Qui sortira vainqueur de ces primaires à droite qui s’annoncent déjà à couteaux tirés ? 

En politique la trahison est-elle l’arme fatale pour réussir ?

La différence fondamentale entre Messieurs Nicolas Sarkozy et Alain Juppé se situe, à mon humble avis, au niveau de la fidélité ; contraire à la trahison. En effet, Alain Juppé est demeuré fidèle au Président Jacques Chirac, même au pire des moments de l’affaire dite des « emplois fictifs » au sein de la Ville de Paris. L’ancien Premier Ministre n’a pas hésité à servir de « fusible » au Chef de l’Etat. On ne peut en dire autant de Nicolas Sarkozy qui s’était rallié à Edouard Balladur contre Jacques Chirac ; une trahison caractérisée. Et il ne s’est pas rallié à n’importe qui. Il s’est, en réalité, rallié à un homme qui avait rompu un pacte basé essentiellement sur la confiance et l’amitié.

On se souvient que Jacques Chirac avait passé un deal avec Edouard Balladur, son ami de trente ans. Ils étaient convenus que Balladur devenait Premier Ministre (d’une cohabitation avec François Mitterrand), tandis que Chirac se préparerait à la Présidentielle de 1995. Et qu’en aucun cas Balladur ne devrait être lui-même candidat. On connaît la suite.
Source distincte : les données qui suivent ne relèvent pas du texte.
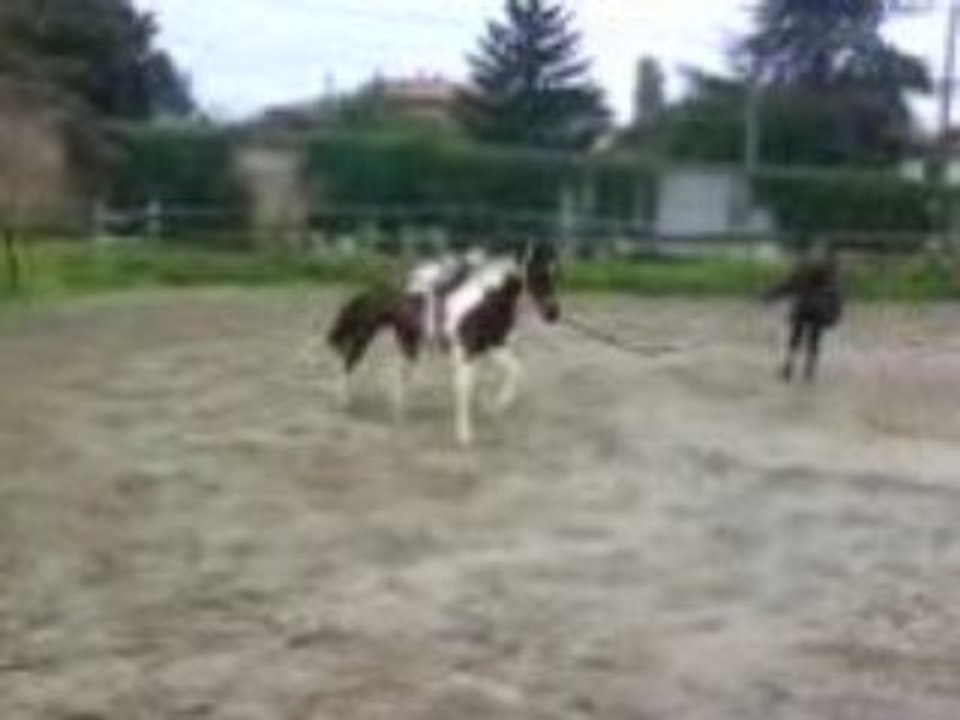 Qualishka a la longe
S’allier à un homme qui rompt un pacte — On peut qualifier de traître — pour ses propres intérêts, revient à être en fin de compte à une trahison ; parce qu’on trahit la personne avec laquelle on aurait scellé un pacte. Alain Juppé est donc le plus fidèle des deux. Et je dirais même qu’il n’y a aucune hésitation possible, tant l’un est un opportuniste avéré (N. Sarkozy) et le second (A. Juppé) un expert en mal d’avoir été un mal-aimé. Et on sait qu’en amour, il faut parfois beaucoup, beaucoup de temps pour être aimé et accepté.

A ce titre, et avec tout le respect que je dois à Madame Bernadette Chirac, je ne comprends pas la position de cette dernière qui soutient mordicus Nicolas Sarkozy. L’état de santé de Jacques Chirac étant visiblement sur le déclin, elle aurait pu par respect pour ce dernier montrer un peu de solidarité. Il me semble que dans ce cas présent également on pourrait évoquer le mot traîtrise. Et entre traîtres… la trahison est le point commun.

Quand on trahit une fois, on trahit toujours.